Se você está se perguntando por que tudo começou no Rio de Janeiro, vale lembrar que, no século XIX, o Rio ainda era a capital da corte imperial, mantendo intensa atividade comercial com a Europa. Em 1844, a cidade tinha apenas seis lojas de tintas, mas em 1889 já eram mais de cinquenta, que vendiam muitas novidades importadas, como as novas cores de tinta a óleo em tubos metálicos, pincéis com anel metálico para afixar os pelos ao cabo, permitindo o achatamento das pinceladas, além de caixas portáteis, bancos dobráveis e muitos outros itens que faziam brilhar os olhos dos pintores da natureza.

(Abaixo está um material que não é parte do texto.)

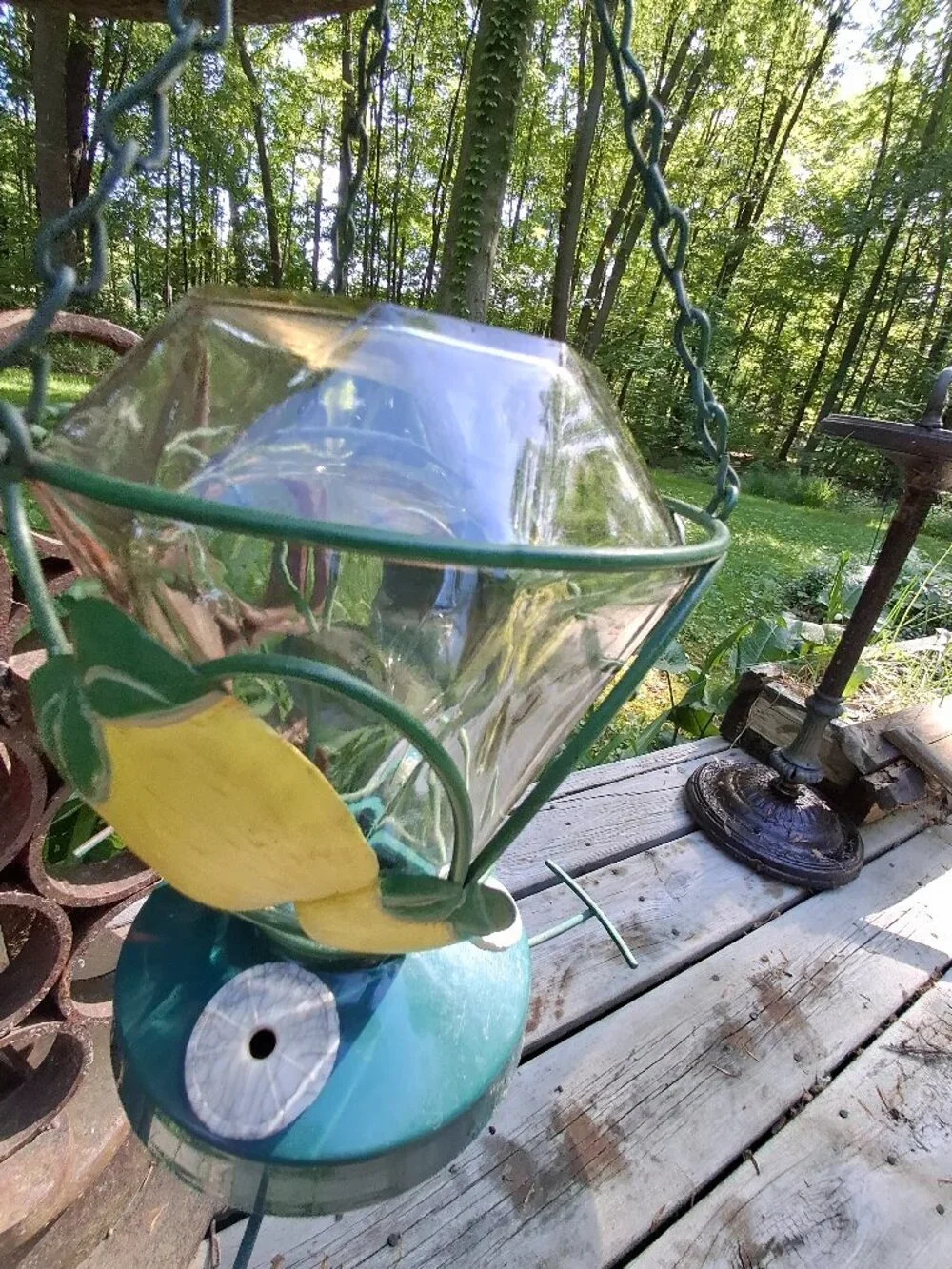 Vintage Glass with Metal Lemons Hummingbird Feeder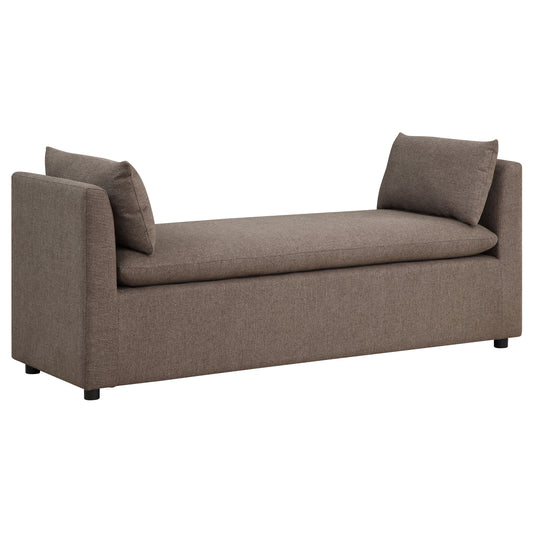 Robin Upholstered Accent Bench with Raised Arms and Pillows Brown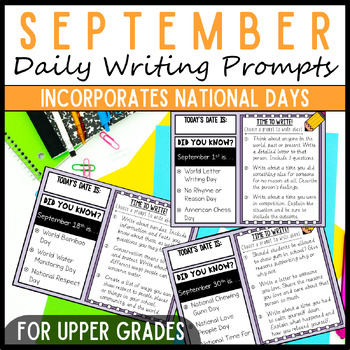 Preview of September 3rd 4th 5th Grade Daily Writing Prompts, Sentence & Paragraph Writing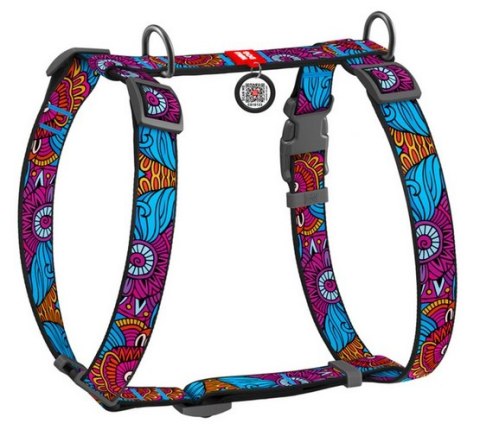 Collar Collar WauDog Nylon Szelki nylonowe anatomiczne w kształcie litery H, z QR-paszportem, plastikowy fastex, wzór LATO, rozmiar M 2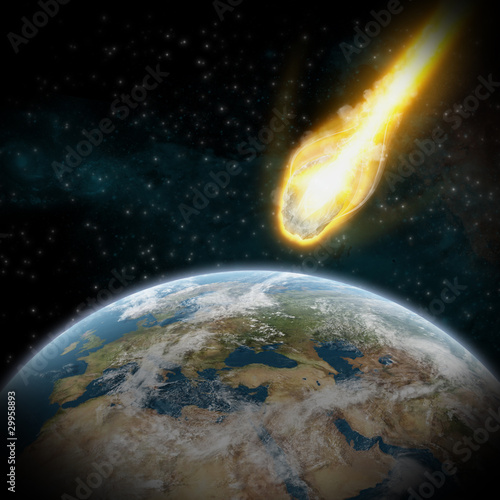 Fototapeta na wymiar Asteroid and Earth : meteor impact over europe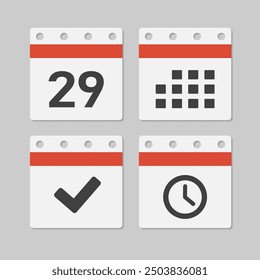 Set vector icons page calendar - day 29, mark done, agenda app, timer. Mark business, deadline, date icon. Pictogram yes, success, check, approved, confirm and reminder. Time, countdown and reminder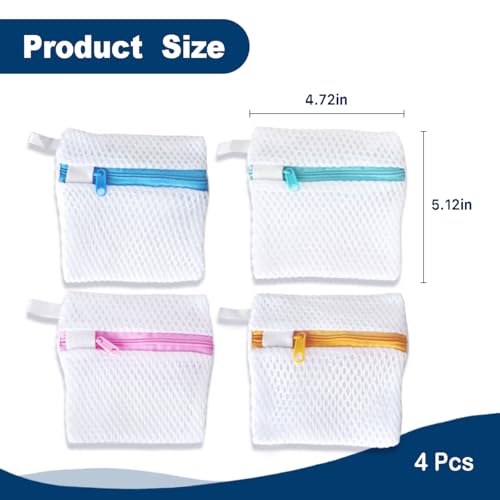 Reusable Laundry Pod Bags - 4 Pack Mesh Wash Bags with Zipper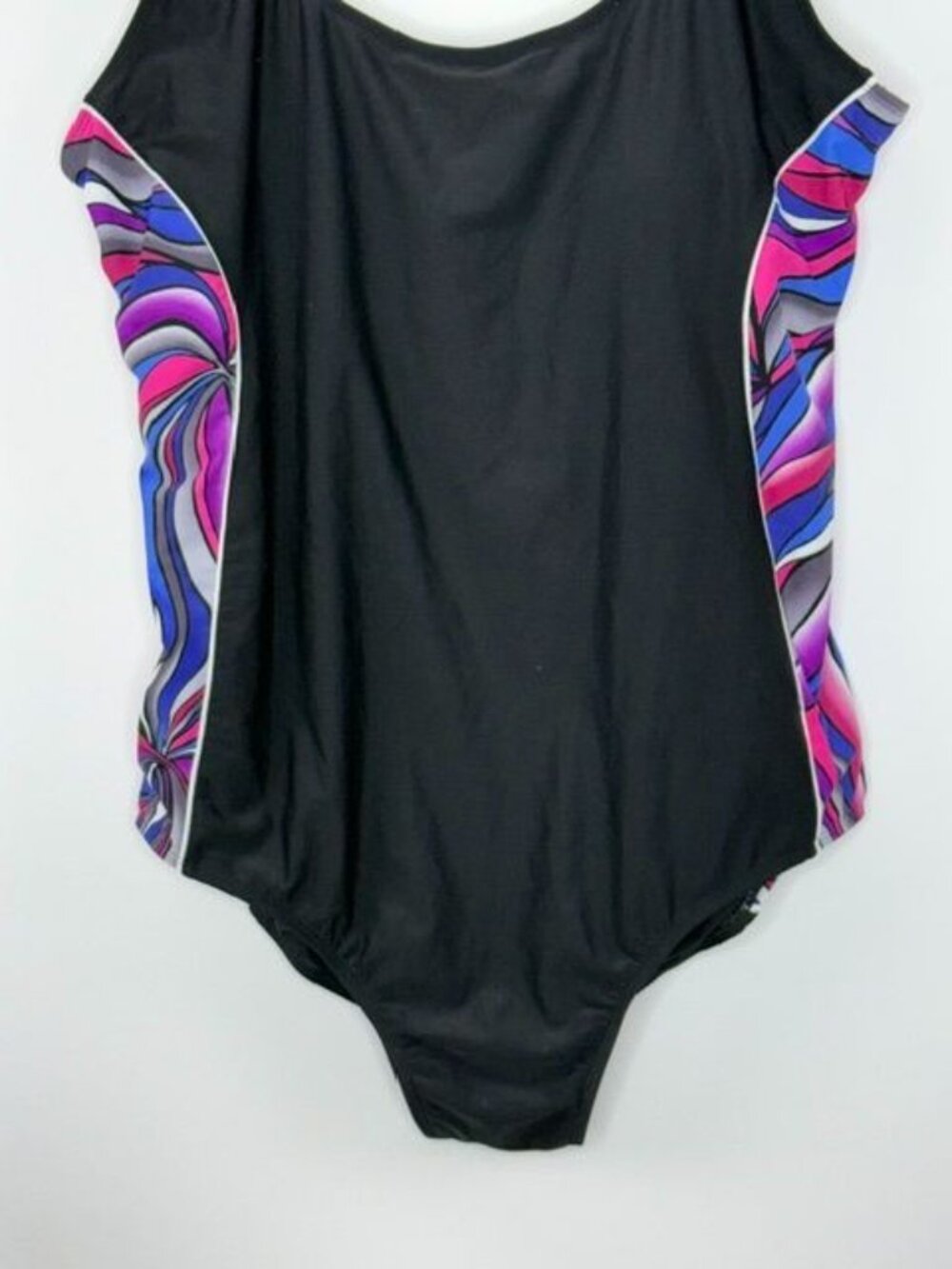Catalina Black/Multi Color Racerback One Piece Swimsuit Padded Shelf Bra Size 3X - Picture 4 of 7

O crescimento da venda de materiais industrializados deu ímpeto à pintura de paisagem na Academia Imperial e originou a primeira escola de arte no Rio de Janeiro. Não podemos esquecer que, àquela época, o Rio ainda tinha uma paisagem natural invejável, os morros ainda não haviam se transformado nas monstruosas favelas que são hoje e os pintores gostavam de retratar a enseada de Botafogo, a baía de Guanabara e uma Copacabana paradisíaca, que realmente proporcionavam belíssimas vistas. Além disso, as imagens de viagens foram ficando cada vez mais populares, com viajantes capturando suas "impressões" em esboços rápidos sobre papel.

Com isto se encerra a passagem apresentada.